Tuesday, 28 August 2012

It's Sony

Aulia Andri

It’s Sony! Slogan inilah yang ditampilkan pada iklan-iklan di seluruh produk Sony Corporation. Perusahaan elektronik asal Jepang ini memang sudah mendunia. Produknya merambah kemana-mana, dari mulai pita kaset, televisi, radio, video recorder hingga yang paling anyar Sony Play Station.



Dalam rentang waktu 57 tahun, Sony Corporation berkembang menjadi produsen segala macam barang-barang elektronik. Bahkan nama Sony kini sudah disejejarkan dengan Coca Cola, minuman bersoda asal Amerika Serikat.



Namun, Sony Corporation punya perjalanan panjang untuk meraih hasil seperti sekarang. Masa-masa sulit itu kini sudah terlewati, berganti dengan masa keemasan. Padahal, ketika didirikan tahun 1946 di Tokyo, Jepang, perusahaan yang bernama asli Tokyo Tsushin Kogyo Kabushiki Kaisha ini hanya mempunyai 20 karyawan. Dan sekarang, siapa sangka Sony Corporation mempunyai karyawan tak kurang 173 ribu di seluruh dunia.



Adalah Akio Morita dan Masaru Ibuka yang menjadi sahabat karib sejak masih kuliah di Jurusan Fisika, Universitas Imperial Osaka, Jepang.

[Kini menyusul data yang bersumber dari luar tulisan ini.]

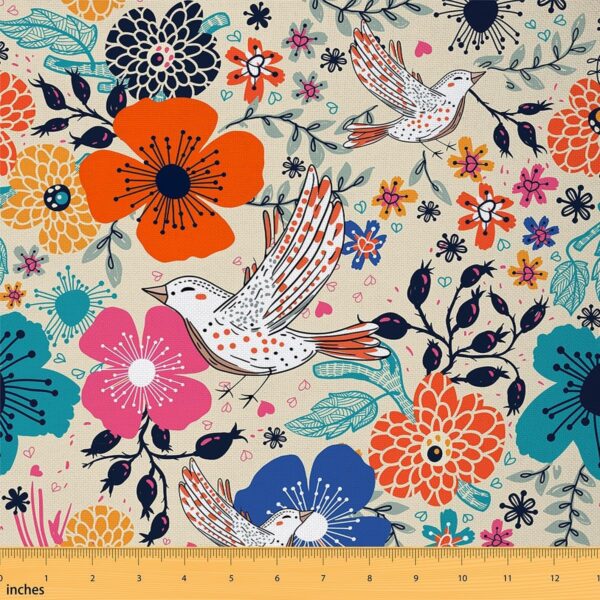 Colorful Floral Flannel Outdoor Fabric One Yard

Ketika lulus kuliah, di tahun 1944, keduanya acap kali masih bertemu. Mereka mendiskusikan mengenai keinginan menciptakan perusahaan elektronik. Niat itu baru bisa diwujudkan pada May 1946, setelah Jepang di bom atom Sekutu, 16 Agustus 1945. Runtuhnya perekonimian di Jepang, tak memudarkan semangat kedua Fisikawan ini.



Keduanya kemudian bekerja keras untuk mewujudkan impian membuat sebuah perusahaan elektronik besar di dunia. Selain banyak melakukan riset elektronik di Jepang, Morita juga acap kali mengadakan kunjungan ke Amerika. Tujuannya, untuk menjajaki pasar di sana.

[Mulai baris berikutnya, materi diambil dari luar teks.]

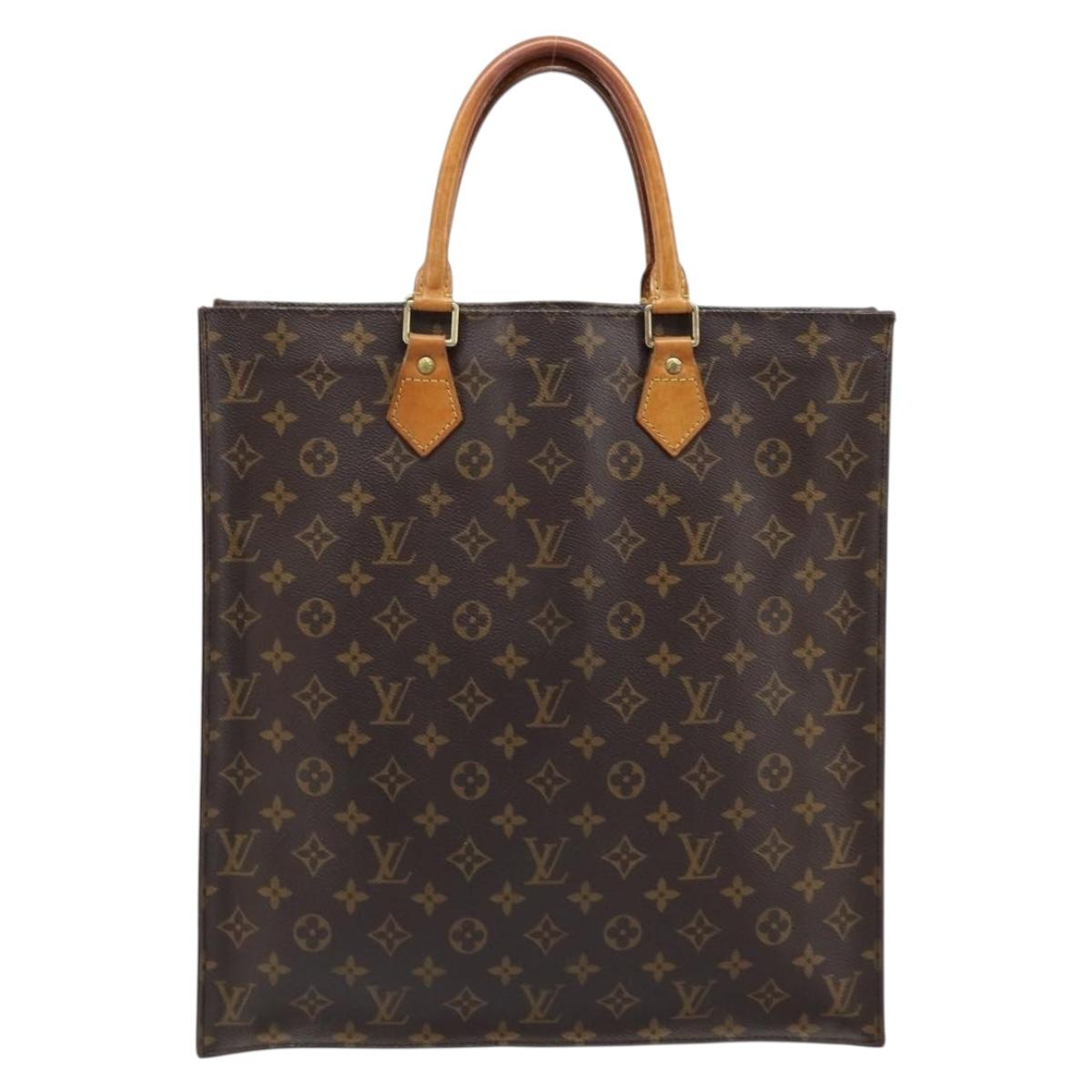 LOUIS VUITTON Monogram Sac Plat Hand Bag M51140 LV Auth BA10915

Morita melakukan perjalanan pertamanya ke Amerika pada tahun 1953. Dalam perjalanannya ini Morita banyak mempelajari tentang perekonomian dan pasar produk-produk elektronik di Amerika dan Eropa.



Selain memperlajari pasar produksi barang elektronik di Amerika, Morita juga menyempatkan diri berkunjung ke pabrik elektronik Philips. Morita kemudian bertolak ke Belanda tempat kedudukan Philips Electronics. Betapa terkejutnya Morita ketika menyaksikan keberadaan Philips Electronics. Salah satu perusahaan elektronik terbesar di dunia itu ternyata berkantor pusat di Eindhoven, sebuah kota kecil di Belanda.



Morita pun merasa tertantang. Selama ini dalam benaknya ada rasa rendah diri, karena perusahaannya bersama Ibuka berasal dari Jepang, sebuah negara Asia, yang kala itu belum begitu diperhitungkan. Namun demi melihat kenyataan Philips Electronics, Morita menjadi lebih bersemangat. Dia ingin menjadikan perusahaannya Tokyo Tsushin Kogyo Kabushiki Kaisha seperti Philips Electronics. Maka Morita menulis surat pada Ibuka yang mengurusi perusahaan mereka di Jepang. Isinya, Morita menantang Ibuka untuk menjadikan Tokyo Tsushin Kogyo Kabushiki Kaisha sebesar Philips. ”Jika Philips mampu melakukan itu, mengapa kita tidak,” tulis Morita.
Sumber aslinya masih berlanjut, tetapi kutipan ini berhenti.